**Problem statement:** Retype exactly every line from the one that includes "LEFT FRONT SEATBELT" through the final line of the listing, both ends kept, and omit the pictures.

----------------

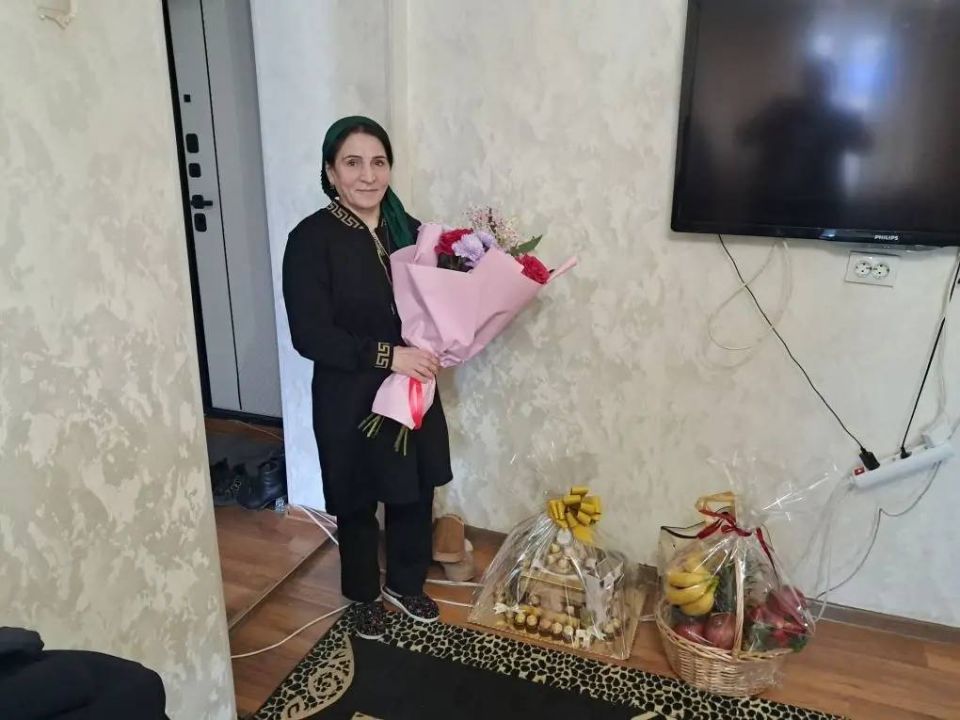 В день Международного женского дня — 8 Марта — руководство Управления транспорта, связи и дорожного хозяйства, совместно с руководителями подведомственных учреждений, от имени Главы г. Махачкалы Салавова Д.Ш., поздравили... В день Международного женского дня — 8 Марта — руководство Управления транспорта, связи и дорожного хозяйства, совместно с руководителями подведомственных учреждений, от имени Главы г. Махачкалы Салавова Д.Ш., поздравили...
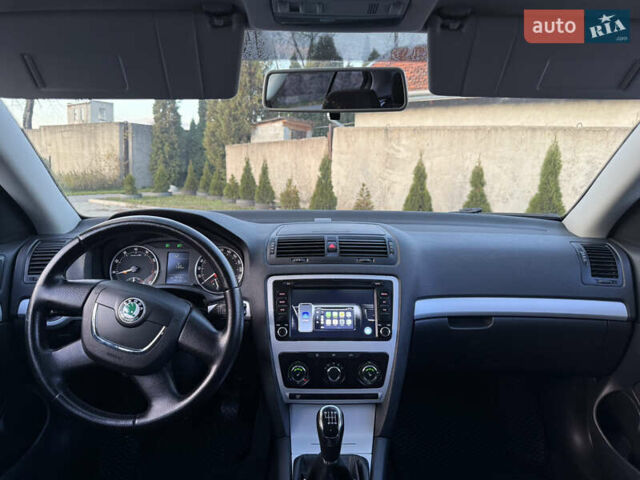 Серый Шкода Октавия, объемом двигателя 1.8 л и пробегом 260 тыс. км за 8999 $, фото 41 на Automoto.ua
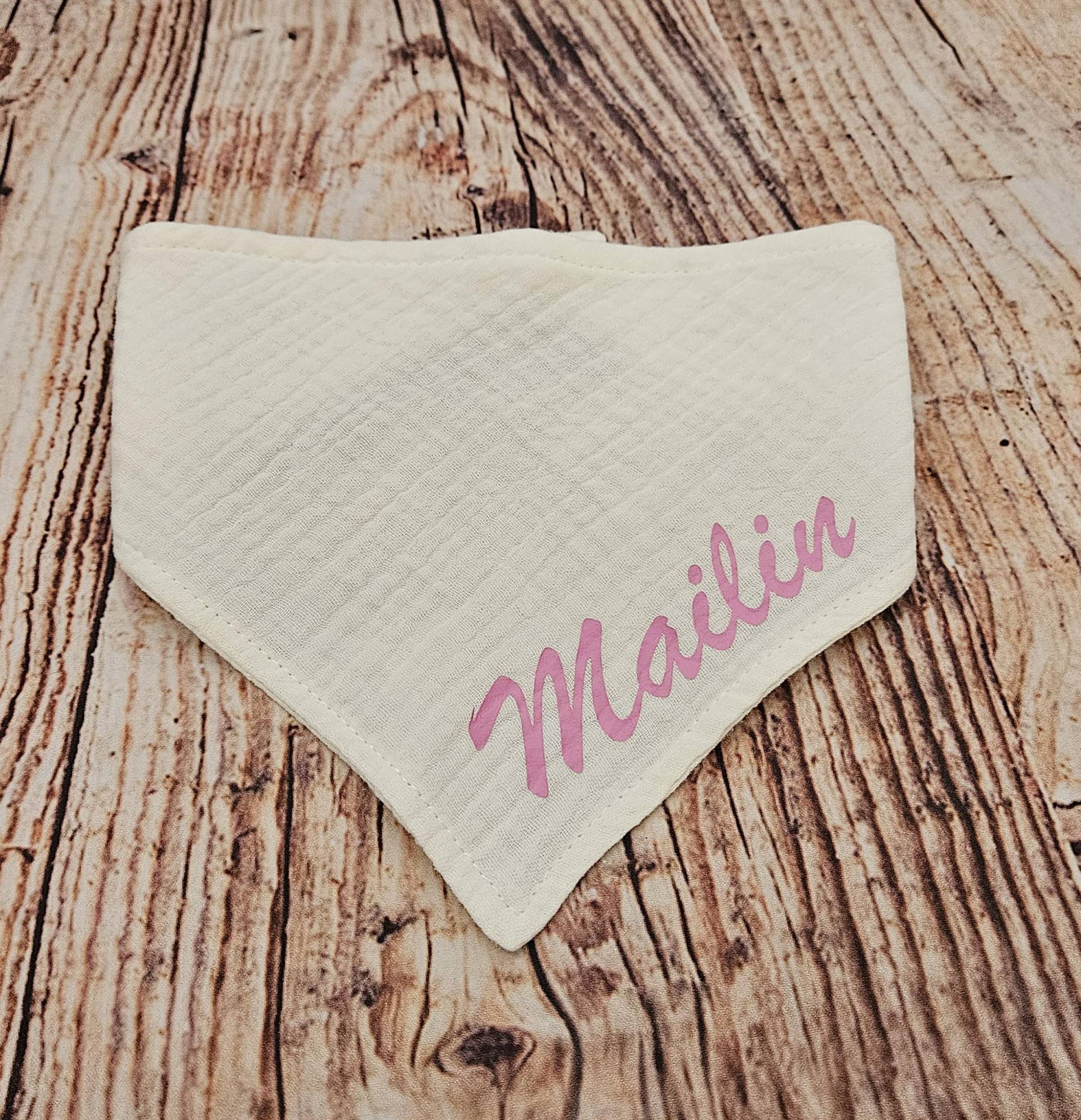Personalisiertes Lätzchen von Etsy - MajolieMemories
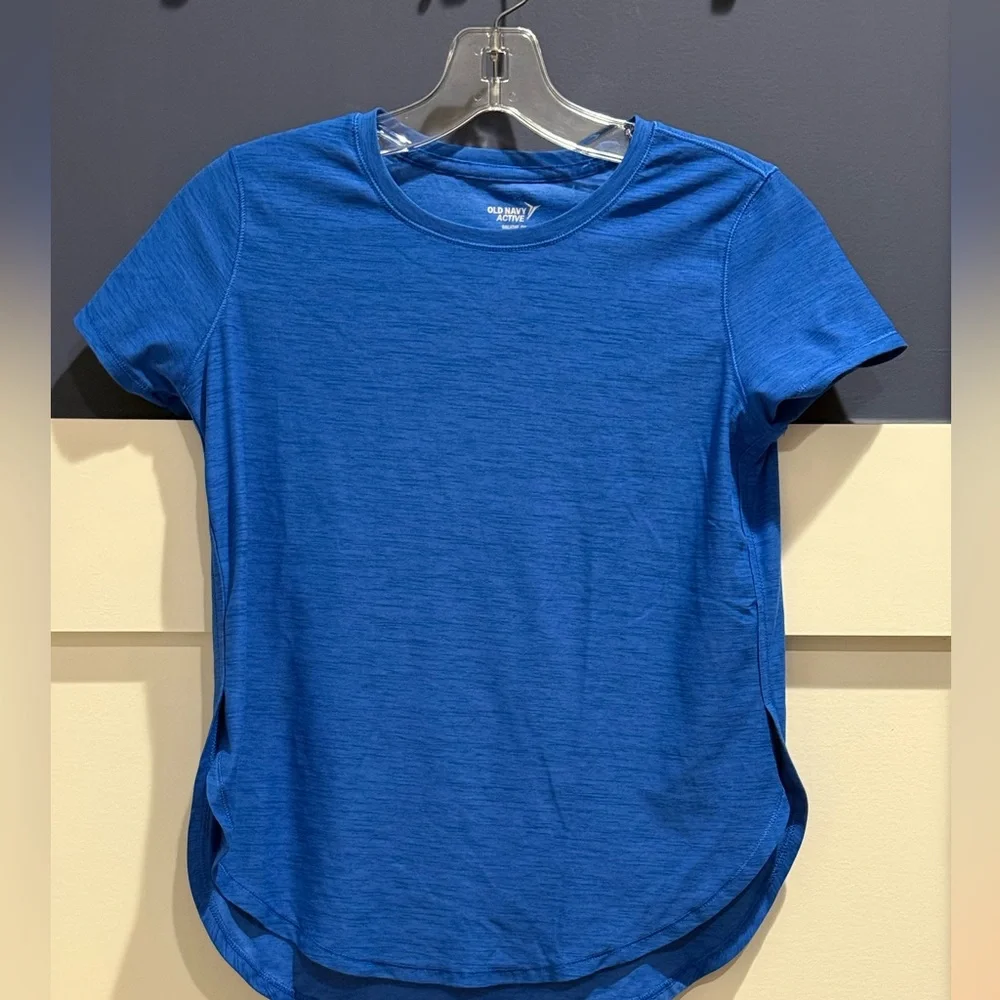 Old Navy Classic Blue Girls Activewear Tee Size L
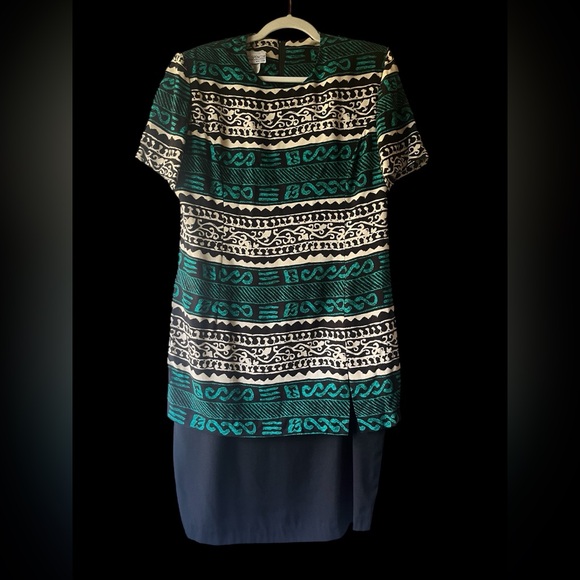 90’s Business Casual Patterned Green and Black Dress - Picture 2 of 12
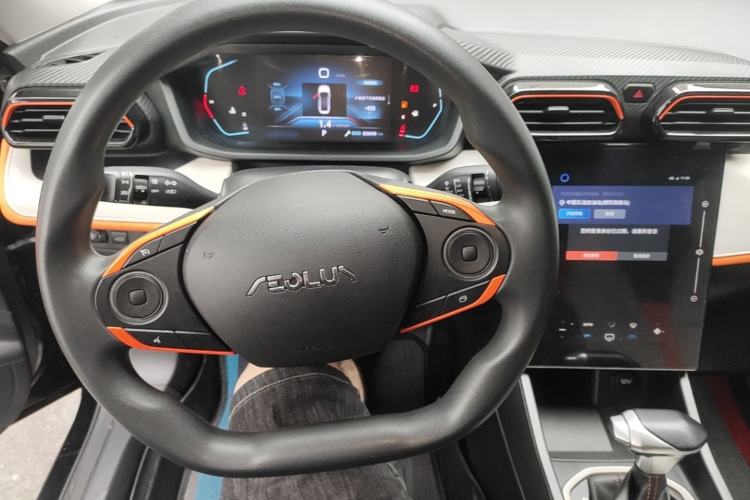 Used Dongfeng Aeolus Yixuan 2023 Mach Edition 1.5L Automatic Chasing Wind Version Center Console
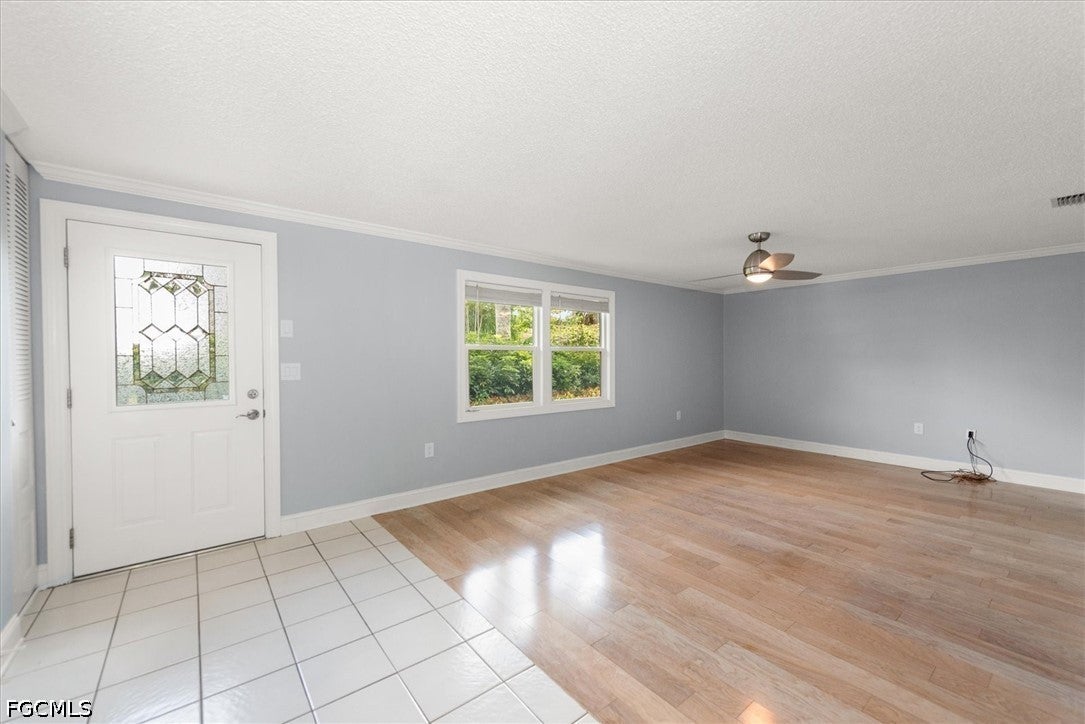 4639 Robin Ave, Naples, FL 34104 photo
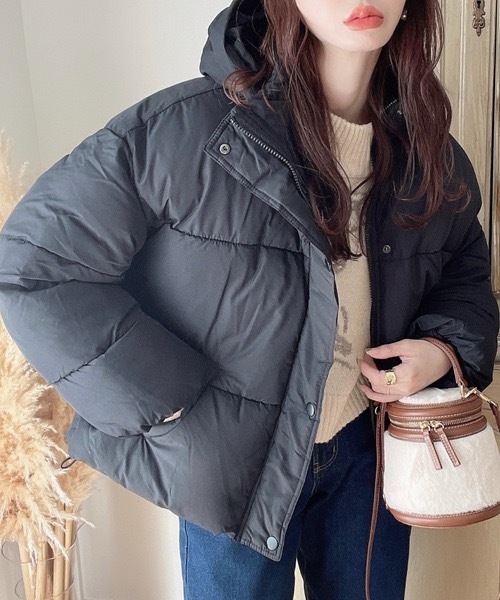 【Luxury】 預購 moment+ 日本限定 羽絨外套口袋連帽抗寒款 澎澎羽絨外套 黑白米 三色可選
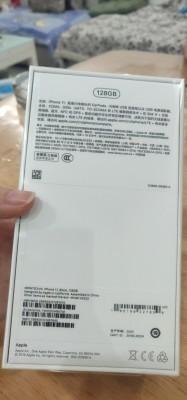 iPhone 11用户实物欣赏：刘海不变 OLED版配三镜头(20)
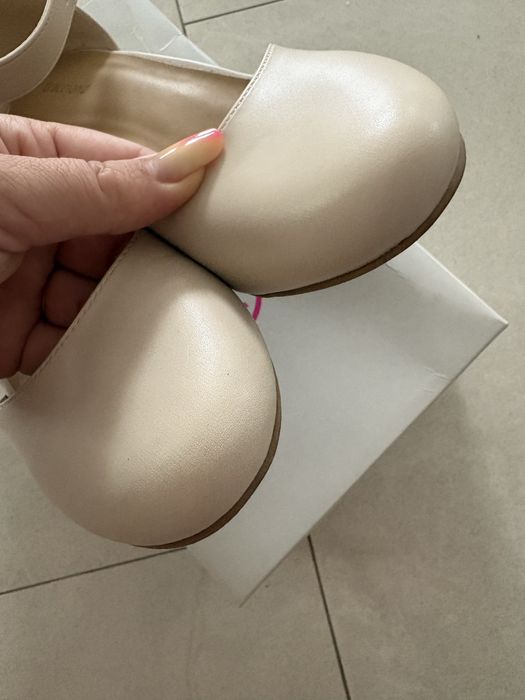 Pantofi dama cu toc mic ai bareta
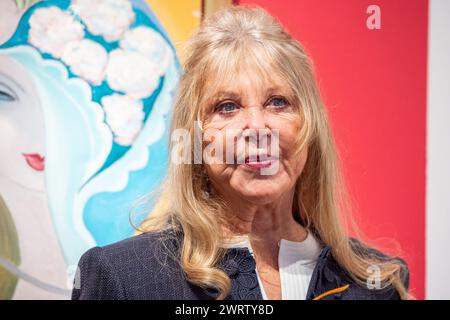 Londres, Angleterre, Royaume-Uni. 14 mars 2024. Modèle, photographe et icône PATTIE BOYD, inspiration pour "Something" de George Harrison et "Layla" d'Eric Clapton, vus à Christie's avant l'exposition de pré-vente chez Christie's, qui ouvrira au public du 15 au 21 mars, avant la clôture de la vente aux enchères en ligne le 22 mars. (Crédit image : © Thomas Krych/ZUMA Press Wire) USAGE ÉDITORIAL SEULEMENT! Non destiné à UN USAGE commercial ! Banque D'Images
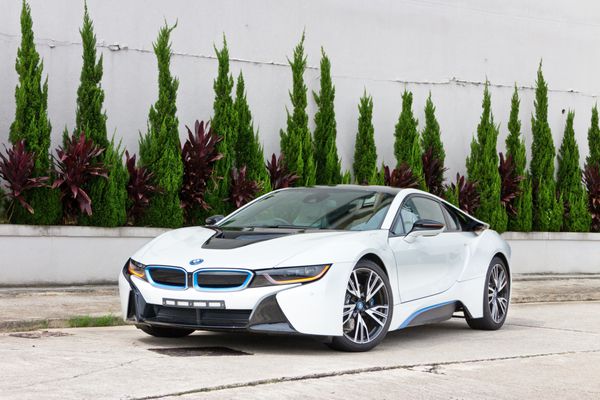 هنگ کنگ چین 12 نوامبر 2014 رانندگی تست BMW i8 2014 در 12 نوامبر 2014 در هنگ کنگ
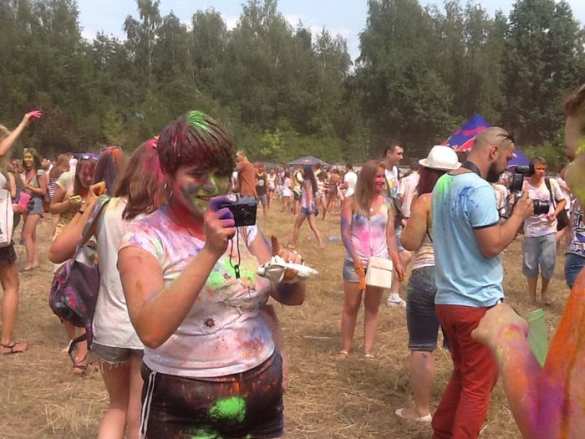 Фашизм побеждает там, где кончается совесть: в Киеве устроили праздник красок, на Донбассе льется кровь (фото, 18+) | Русская весна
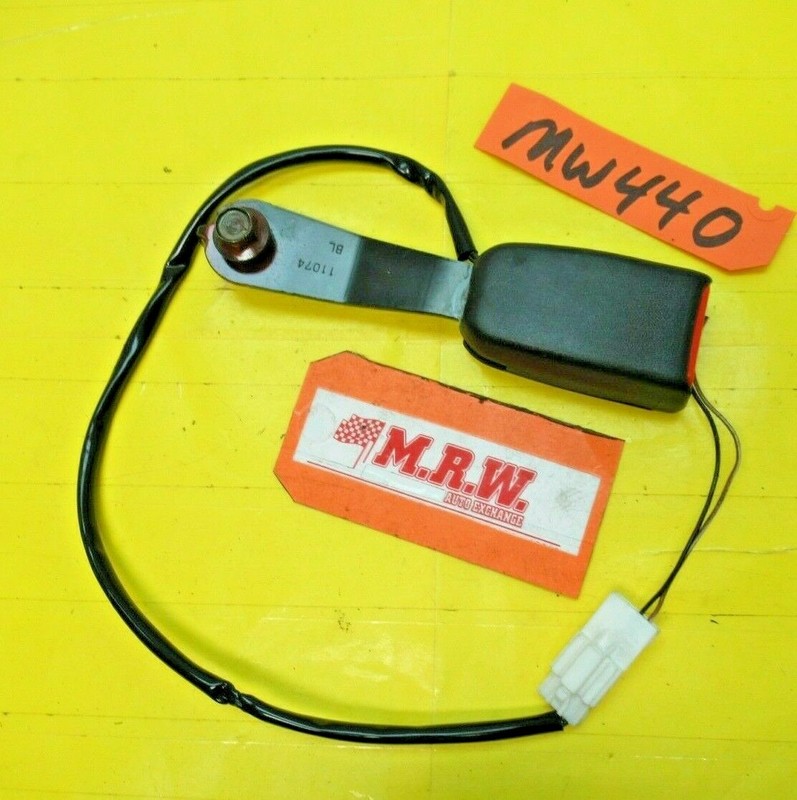 LEFT FRONT SEATBELT SEAT BELT BUCKLE LATCH RECEIVER DRIVER LF for 00 01 TIBURON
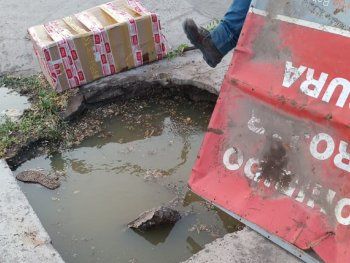 Bahía Blanca: una madre y su beba cayeron al pozo de una cloaca y se salvaron de milagro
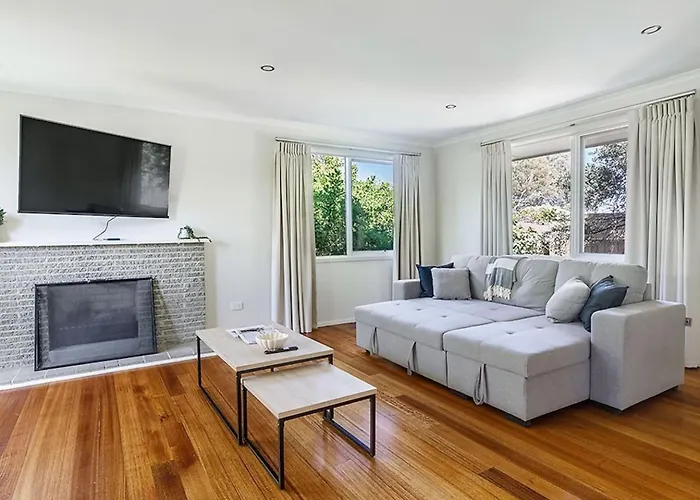 Sunlit Suburbia - A Breezy Abode In Glen Waverley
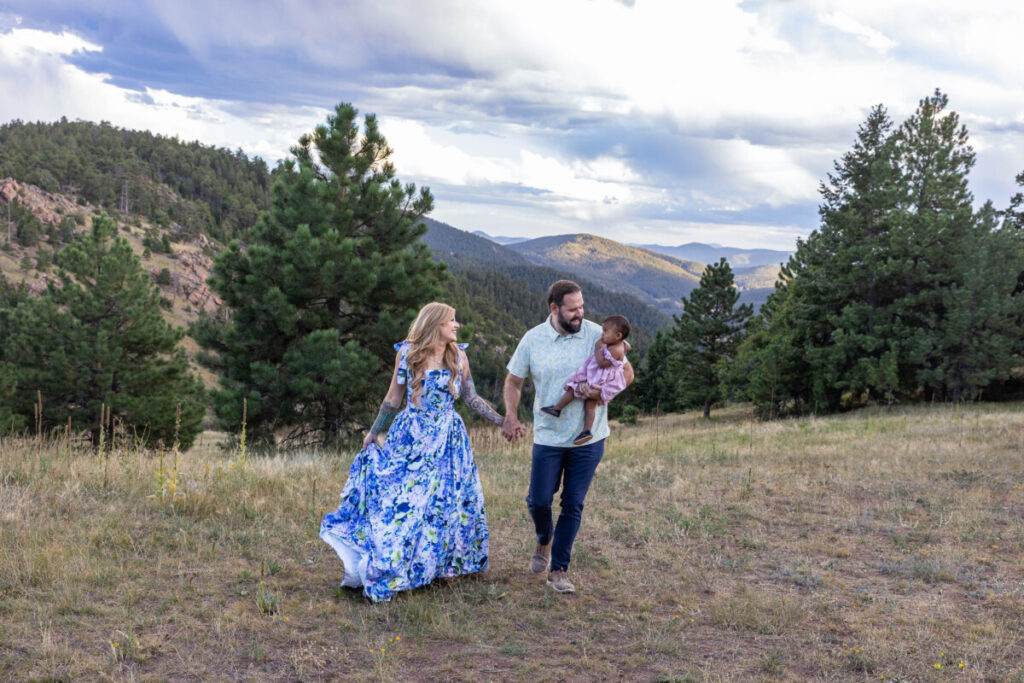 Colorado family photographer with mountain views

----------------

**Solution for this problem:**
 LEFT FRONT SEATBELT SEAT BELT BUCKLE LATCH RECEIVER DRIVER LF for 00 01 TIBURON
 Bahía Blanca: una madre y su beba cayeron al pozo de una cloaca y se salvaron de milagro
 Sunlit Suburbia - A Breezy Abode In Glen Waverley
 Colorado family photographer with mountain views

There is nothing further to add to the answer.